TASK ITEM
Each line from the one that has "Arte Espina Teppich" through the end of the entries below must be written out exactly; leave out all other lines.
[[ DATA IN THIS EXERCISE open ]]
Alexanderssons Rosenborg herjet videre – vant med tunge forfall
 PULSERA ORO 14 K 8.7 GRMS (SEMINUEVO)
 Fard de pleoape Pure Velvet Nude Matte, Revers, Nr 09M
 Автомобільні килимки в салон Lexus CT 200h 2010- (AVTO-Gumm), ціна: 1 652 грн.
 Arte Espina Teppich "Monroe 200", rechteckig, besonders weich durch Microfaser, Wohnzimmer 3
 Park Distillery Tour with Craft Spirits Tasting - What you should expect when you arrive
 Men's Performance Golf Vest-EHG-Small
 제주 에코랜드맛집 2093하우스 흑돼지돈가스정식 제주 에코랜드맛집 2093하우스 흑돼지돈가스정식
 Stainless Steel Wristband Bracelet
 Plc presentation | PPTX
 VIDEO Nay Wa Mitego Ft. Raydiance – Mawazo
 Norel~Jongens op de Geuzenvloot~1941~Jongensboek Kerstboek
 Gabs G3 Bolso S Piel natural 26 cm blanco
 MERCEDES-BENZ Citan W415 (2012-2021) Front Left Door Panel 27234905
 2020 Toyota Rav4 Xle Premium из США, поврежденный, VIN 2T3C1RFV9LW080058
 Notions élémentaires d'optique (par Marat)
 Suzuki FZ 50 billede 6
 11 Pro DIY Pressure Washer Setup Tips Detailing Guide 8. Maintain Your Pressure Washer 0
[[ DATA IN THIS EXERCISE closed ]]
WRITTEN RESPONSE
 Arte Espina Teppich "Monroe 200", rechteckig, besonders weich durch Microfaser, Wohnzimmer 3
 Park Distillery Tour with Craft Spirits Tasting - What you should expect when you arrive
 Men's Performance Golf Vest-EHG-Small
 제주 에코랜드맛집 2093하우스 흑돼지돈가스정식 제주 에코랜드맛집 2093하우스 흑돼지돈가스정식
 Stainless Steel Wristband Bracelet
 Plc presentation | PPTX
 VIDEO Nay Wa Mitego Ft. Raydiance – Mawazo
 Norel~Jongens op de Geuzenvloot~1941~Jongensboek Kerstboek
 Gabs G3 Bolso S Piel natural 26 cm blanco
 MERCEDES-BENZ Citan W415 (2012-2021) Front Left Door Panel 27234905
 2020 Toyota Rav4 Xle Premium из США, поврежденный, VIN 2T3C1RFV9LW080058
 Notions élémentaires d'optique (par Marat)
 Suzuki FZ 50 billede 6
 11 Pro DIY Pressure Washer Setup Tips Detailing Guide 8. Maintain Your Pressure Washer 0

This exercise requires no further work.